_EXERCISE GOAL_:
Look below for the line containing "Bán đất 6000m²"; from there, print each line exactly up to and including the line containing "Бухорода дарахтларни ноқонуний", and stop.

_EXERCISE INPUTS_:
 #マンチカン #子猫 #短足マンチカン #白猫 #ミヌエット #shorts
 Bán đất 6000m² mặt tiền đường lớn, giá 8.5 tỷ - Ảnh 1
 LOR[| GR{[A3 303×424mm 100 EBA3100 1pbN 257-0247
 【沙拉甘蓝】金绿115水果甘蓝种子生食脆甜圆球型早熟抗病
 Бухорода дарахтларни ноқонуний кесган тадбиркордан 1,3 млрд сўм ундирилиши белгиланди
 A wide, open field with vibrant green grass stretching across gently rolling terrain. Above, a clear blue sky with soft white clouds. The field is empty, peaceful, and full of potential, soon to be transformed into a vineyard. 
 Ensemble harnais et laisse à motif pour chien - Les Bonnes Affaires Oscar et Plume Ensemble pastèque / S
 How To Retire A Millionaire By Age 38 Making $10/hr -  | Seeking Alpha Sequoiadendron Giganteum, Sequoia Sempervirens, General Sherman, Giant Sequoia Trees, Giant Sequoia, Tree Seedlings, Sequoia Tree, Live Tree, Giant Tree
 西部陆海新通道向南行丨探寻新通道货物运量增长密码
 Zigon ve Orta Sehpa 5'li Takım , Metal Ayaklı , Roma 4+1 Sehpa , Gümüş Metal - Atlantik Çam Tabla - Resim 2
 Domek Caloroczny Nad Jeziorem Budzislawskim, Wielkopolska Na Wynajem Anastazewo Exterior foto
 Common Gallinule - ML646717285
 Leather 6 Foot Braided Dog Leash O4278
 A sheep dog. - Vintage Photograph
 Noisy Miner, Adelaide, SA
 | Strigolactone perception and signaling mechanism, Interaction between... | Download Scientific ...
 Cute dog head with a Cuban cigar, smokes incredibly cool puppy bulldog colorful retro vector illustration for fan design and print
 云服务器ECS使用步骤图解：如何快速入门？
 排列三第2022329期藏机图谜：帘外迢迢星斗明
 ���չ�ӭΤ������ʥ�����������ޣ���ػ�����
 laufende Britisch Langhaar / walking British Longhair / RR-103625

_RESULT FOR THIS EXERCISE_:
 Bán đất 6000m² mặt tiền đường lớn, giá 8.5 tỷ - Ảnh 1
 LOR[| GR{[A3 303×424mm 100 EBA3100 1pbN 257-0247
 【沙拉甘蓝】金绿115水果甘蓝种子生食脆甜圆球型早熟抗病
 Бухорода дарахтларни ноқонуний кесган тадбиркордан 1,3 млрд сўм ундирилиши белгиланди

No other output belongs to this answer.